Records for processing

::::::::::

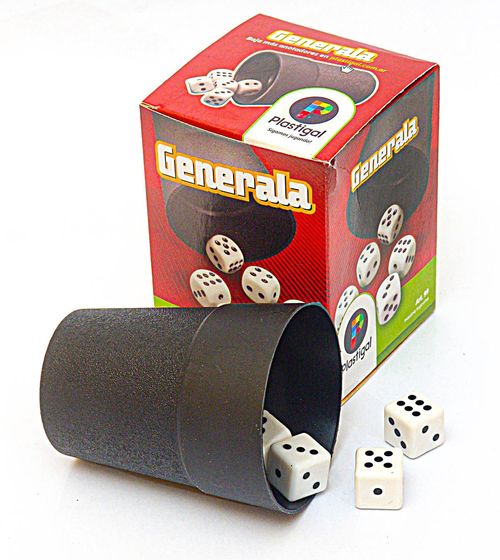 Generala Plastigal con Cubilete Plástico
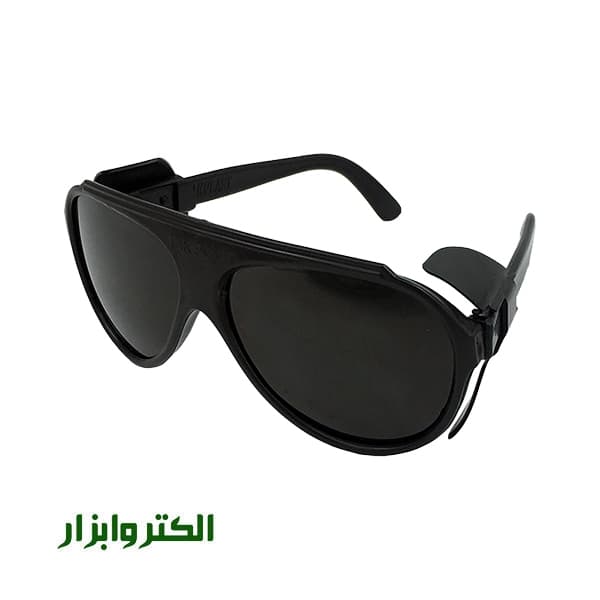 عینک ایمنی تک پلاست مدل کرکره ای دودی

::::::::::

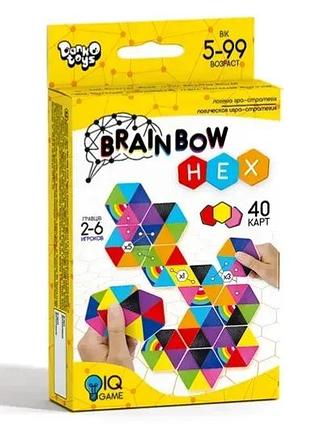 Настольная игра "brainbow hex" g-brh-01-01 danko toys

::::::::::

Try it
Starting with the line that contains "Generala Plastigal con Cubilete Plástico" and finishing with the line that contains "عینک ایمنی تک پلاست مدل کرکره ای دودی", reproduce every line of the material above exactly, but not the pictures.

Result
 Generala Plastigal con Cubilete Plástico
 عینک ایمنی تک پلاست مدل کرکره ای دودی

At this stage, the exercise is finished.